Francisco, venido de lejos, siempre cercano
Francisco JoSÉ PRIETO
Siempre me impresionaron aquellas palabras que el cardenal de Buenos Aires, Jorge Mario Bergoglio, ofreció en una de las congregaciones generales antes del Cónclave del año 2013, en concreto en la penúltima, que tuvo lugar en la mañana del sábado 9 de marzo. Horas antes de ser elegido Papa, el cardenal Bergoglio regaló al entonces cardenal Ortega, arzobispo emérito de la Habana (Cuba), el manuscrito con las palabras allí pronunciadas sobre el perfil del Papa, del nuevo Obispo de Roma que habían de elegir: «Un hombre que, desde la contemplación de Jesucristo y desde la adoración a Jesucristo ayude a la Iglesia a salir de sí hacia las periferias existenciales, que la ayude a ser la madre fecunda que vive de la dulce y confortadora alegría de la evangelizar». Estas últimas palabras las había tomado de san Pablo VI. La menciono porque es preciso conocer a Bergoglio para entender lo que fue Francisco.

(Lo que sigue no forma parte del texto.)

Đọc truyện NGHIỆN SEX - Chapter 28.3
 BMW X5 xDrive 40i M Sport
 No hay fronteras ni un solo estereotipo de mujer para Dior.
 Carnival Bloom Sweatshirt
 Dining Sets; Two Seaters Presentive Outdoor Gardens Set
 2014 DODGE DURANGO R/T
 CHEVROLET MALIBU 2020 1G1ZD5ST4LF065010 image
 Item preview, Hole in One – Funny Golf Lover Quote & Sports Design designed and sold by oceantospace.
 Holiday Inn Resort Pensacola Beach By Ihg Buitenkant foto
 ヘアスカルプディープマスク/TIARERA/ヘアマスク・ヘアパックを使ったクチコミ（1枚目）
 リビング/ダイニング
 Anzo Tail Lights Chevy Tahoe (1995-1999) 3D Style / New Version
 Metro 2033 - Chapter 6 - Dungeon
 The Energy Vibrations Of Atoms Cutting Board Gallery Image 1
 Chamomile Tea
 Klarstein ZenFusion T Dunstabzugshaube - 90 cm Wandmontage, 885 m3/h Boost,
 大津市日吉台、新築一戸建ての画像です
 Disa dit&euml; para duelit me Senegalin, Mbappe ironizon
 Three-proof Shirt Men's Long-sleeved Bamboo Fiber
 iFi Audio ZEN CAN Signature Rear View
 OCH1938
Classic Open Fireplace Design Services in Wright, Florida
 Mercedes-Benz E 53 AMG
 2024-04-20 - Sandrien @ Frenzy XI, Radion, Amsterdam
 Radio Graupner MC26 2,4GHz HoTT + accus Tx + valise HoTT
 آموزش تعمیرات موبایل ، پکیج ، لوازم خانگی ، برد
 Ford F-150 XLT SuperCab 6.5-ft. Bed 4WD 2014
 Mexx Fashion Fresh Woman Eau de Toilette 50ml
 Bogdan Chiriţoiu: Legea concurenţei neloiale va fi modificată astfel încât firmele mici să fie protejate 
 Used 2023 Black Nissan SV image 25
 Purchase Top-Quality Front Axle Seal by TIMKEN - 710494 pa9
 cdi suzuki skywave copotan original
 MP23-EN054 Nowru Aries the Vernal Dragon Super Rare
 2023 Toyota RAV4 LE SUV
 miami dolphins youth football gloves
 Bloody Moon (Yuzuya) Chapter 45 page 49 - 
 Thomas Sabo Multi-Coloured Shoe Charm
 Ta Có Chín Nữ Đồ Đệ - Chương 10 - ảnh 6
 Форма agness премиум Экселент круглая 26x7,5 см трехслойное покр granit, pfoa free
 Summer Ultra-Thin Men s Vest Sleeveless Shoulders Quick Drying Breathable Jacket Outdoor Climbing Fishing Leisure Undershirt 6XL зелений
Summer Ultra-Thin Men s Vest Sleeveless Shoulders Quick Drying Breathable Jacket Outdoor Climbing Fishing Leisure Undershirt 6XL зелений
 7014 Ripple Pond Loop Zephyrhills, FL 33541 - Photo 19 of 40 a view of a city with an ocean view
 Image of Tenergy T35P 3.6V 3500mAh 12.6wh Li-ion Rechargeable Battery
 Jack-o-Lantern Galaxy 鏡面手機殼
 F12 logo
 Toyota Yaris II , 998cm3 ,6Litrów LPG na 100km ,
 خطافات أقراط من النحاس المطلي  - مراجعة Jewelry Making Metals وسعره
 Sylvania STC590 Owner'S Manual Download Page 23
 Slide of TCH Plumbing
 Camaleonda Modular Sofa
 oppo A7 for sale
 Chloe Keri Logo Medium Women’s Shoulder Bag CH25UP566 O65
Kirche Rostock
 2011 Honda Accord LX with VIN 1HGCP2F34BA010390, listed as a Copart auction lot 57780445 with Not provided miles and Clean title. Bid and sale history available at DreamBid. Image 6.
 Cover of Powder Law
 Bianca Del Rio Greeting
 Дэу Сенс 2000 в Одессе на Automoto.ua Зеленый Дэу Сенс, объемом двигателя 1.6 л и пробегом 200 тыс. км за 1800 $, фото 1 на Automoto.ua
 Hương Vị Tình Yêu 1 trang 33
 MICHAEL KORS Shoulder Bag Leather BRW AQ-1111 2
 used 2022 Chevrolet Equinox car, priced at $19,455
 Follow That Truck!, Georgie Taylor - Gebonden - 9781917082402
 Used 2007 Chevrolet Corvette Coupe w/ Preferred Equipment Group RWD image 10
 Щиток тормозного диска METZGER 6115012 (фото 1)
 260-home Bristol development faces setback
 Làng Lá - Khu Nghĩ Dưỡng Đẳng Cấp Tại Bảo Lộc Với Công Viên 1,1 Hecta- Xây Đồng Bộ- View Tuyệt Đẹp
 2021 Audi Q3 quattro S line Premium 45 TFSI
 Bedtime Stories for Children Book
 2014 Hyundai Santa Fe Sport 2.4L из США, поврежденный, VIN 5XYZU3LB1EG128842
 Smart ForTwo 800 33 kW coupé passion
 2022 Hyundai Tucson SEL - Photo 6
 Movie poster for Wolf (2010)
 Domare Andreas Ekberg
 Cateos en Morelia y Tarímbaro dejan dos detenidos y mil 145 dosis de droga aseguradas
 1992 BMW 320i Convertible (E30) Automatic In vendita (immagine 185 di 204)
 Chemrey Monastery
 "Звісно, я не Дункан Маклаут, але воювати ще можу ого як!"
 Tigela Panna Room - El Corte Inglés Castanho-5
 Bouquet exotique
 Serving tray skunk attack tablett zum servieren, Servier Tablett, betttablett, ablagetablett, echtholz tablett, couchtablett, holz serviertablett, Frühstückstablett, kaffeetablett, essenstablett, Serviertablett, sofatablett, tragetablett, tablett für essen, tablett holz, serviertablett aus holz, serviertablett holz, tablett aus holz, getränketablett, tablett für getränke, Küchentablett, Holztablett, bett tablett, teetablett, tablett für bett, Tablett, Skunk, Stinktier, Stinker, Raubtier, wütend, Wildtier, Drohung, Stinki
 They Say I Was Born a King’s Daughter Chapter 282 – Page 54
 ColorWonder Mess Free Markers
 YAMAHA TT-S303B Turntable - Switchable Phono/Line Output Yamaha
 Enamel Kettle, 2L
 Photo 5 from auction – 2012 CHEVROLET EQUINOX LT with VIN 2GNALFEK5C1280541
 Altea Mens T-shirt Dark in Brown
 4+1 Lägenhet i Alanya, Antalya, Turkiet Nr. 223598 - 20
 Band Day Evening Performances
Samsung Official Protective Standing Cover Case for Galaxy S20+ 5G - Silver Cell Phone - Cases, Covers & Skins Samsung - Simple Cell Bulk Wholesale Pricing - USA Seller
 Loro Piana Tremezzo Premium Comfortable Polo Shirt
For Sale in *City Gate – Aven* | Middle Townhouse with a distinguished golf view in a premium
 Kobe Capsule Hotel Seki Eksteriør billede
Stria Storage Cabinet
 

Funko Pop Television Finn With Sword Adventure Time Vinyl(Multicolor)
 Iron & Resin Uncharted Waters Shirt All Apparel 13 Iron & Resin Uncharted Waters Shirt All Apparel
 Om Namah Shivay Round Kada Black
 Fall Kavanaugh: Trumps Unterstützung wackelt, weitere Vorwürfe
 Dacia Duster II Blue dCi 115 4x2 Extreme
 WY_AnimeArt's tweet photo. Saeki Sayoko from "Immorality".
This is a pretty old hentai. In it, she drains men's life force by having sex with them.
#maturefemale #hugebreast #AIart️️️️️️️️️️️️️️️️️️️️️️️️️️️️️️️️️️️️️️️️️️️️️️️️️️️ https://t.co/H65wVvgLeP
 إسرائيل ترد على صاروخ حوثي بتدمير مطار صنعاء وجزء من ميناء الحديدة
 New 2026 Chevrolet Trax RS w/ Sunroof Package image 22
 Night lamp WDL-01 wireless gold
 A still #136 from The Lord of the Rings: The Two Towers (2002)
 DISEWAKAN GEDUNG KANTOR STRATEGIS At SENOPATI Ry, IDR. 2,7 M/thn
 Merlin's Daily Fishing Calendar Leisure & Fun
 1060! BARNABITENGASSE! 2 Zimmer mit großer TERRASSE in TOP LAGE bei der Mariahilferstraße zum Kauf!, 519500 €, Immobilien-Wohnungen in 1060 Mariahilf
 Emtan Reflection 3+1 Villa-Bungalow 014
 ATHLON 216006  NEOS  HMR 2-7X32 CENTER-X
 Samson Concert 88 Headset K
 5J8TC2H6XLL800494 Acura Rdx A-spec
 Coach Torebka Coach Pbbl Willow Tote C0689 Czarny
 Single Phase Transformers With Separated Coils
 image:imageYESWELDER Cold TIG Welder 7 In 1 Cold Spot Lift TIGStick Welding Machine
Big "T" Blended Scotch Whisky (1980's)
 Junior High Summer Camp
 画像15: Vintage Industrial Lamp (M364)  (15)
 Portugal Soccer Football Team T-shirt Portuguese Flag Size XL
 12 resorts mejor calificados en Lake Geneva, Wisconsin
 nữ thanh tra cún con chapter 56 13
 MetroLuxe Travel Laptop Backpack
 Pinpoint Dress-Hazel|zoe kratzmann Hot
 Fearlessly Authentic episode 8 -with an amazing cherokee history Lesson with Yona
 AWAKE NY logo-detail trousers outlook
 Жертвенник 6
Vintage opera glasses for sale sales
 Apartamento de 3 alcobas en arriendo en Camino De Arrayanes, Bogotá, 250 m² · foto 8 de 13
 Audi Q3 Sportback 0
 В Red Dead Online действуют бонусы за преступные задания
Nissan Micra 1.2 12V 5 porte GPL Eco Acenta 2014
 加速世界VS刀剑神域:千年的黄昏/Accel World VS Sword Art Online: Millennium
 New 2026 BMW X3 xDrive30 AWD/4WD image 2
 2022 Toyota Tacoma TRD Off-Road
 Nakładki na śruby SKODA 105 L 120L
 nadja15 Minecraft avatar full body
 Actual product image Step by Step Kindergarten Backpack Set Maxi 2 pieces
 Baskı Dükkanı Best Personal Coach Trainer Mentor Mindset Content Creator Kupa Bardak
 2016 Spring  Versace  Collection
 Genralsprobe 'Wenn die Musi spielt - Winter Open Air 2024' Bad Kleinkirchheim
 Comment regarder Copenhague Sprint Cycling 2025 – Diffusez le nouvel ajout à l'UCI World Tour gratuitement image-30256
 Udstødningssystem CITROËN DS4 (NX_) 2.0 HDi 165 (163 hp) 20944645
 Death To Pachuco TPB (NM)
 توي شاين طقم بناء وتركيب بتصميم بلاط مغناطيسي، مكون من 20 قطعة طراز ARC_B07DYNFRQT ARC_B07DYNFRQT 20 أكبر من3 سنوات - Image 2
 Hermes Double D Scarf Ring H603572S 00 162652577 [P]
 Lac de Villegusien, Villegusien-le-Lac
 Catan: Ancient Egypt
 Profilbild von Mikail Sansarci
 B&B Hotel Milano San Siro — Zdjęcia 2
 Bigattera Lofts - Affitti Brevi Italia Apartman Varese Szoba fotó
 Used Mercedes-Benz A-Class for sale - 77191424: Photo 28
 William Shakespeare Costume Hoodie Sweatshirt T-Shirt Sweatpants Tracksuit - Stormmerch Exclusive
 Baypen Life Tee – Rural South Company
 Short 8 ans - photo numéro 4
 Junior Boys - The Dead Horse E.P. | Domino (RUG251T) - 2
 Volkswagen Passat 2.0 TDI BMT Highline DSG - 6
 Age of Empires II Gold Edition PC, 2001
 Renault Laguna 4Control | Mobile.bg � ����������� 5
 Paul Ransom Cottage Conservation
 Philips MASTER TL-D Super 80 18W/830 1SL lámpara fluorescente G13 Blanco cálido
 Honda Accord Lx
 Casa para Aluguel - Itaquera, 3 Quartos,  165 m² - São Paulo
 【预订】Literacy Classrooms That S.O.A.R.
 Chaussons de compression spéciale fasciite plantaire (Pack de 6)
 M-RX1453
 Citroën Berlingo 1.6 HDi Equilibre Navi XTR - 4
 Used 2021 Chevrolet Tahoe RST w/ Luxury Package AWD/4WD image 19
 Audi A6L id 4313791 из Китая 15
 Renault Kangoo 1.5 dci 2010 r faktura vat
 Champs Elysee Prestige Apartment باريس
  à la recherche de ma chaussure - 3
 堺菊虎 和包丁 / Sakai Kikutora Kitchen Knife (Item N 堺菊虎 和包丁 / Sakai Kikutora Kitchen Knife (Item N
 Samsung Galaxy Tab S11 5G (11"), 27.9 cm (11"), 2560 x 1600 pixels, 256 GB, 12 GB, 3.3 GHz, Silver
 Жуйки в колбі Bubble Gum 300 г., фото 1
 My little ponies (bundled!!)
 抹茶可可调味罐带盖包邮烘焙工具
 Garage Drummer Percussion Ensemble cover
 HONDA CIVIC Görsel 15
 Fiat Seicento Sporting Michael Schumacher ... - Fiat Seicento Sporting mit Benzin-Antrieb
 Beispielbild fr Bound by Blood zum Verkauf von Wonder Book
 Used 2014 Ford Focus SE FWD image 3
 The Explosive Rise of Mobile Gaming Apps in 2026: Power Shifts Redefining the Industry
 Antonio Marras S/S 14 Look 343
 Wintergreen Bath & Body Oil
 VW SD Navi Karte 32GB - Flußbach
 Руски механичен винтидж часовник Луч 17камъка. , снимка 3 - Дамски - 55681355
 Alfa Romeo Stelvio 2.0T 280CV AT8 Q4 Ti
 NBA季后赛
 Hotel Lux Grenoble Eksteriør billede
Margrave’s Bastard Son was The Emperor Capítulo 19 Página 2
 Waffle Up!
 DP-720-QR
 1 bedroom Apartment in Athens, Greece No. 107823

El texto del entonces cardenal de Buenos Aires se puede calificar como una descriptiva autobiografía del mismo Papa Francisco: anclado en su fe y sostenido por la oración, fue un peregrino que, con la sola mochila del Evangelio, llevó al corazón de la humanidad el sencillo y necesario bálsamo de la cordura, de la ternura y del gozo celebrado con los más olvidados de una sociedad que se mueve con demasiada prisa sin importarle el precio.
El pensamiento y el proyecto pastoral del Papa Francisco desarrolla una llamada siempre presente en la verdad de la Iglesia desde sus inicios y que el Concilio Vaticano II hizo suya de manera especial, tal como evocan las primeras palabras de la Lumen Gentium (LG): «Cristo es la luz de los pueblos. Por ello este sacrosanto Sínodo, reunido en el Espíritu Santo, desea ardientemente iluminar a todos los hombres, anunciando el Evangelio a toda criatura (cf. Mc 16,15) con la claridad de Cristo, que resplandece sobre la faz de la Iglesia» (LG 1). Es desde aquí, y no desde otras hermenéuticas, como debemos entender al Papa Francisco y su propuesta de una Iglesia salida de sí misma y al encuentro del hombre como «signo e instrumento de la unión íntima con Dios y de la unidad de todo el género humano» (LG 1).
Francisco nos proponía la antítesis de una Iglesia concebida como una mera organización de fines piadosos, tranquilamente asentada en la cultura del relativismo. Ahonda en el surco ya trazado por el concilio Vaticano II y que fueron arando progresivamente san Juan Pablo II y Benedicto XVI.